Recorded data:
•••••

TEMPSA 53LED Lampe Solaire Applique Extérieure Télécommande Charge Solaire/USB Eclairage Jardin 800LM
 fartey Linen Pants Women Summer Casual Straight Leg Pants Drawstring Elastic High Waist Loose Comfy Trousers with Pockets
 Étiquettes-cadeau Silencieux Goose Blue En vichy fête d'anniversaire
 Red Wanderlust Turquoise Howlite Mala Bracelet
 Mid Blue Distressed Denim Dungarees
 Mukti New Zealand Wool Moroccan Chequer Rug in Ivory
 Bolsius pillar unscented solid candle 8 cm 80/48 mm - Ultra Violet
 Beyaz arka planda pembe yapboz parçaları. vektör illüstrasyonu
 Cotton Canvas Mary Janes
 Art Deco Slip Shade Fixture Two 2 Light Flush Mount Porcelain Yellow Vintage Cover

•••••

Task prompt:
Out of the records above, pick each line that contains the string "Blue".

Answer to this exercise:
 Étiquettes-cadeau Silencieux Goose Blue En vichy fête d'anniversaire
 Mid Blue Distressed Denim Dungarees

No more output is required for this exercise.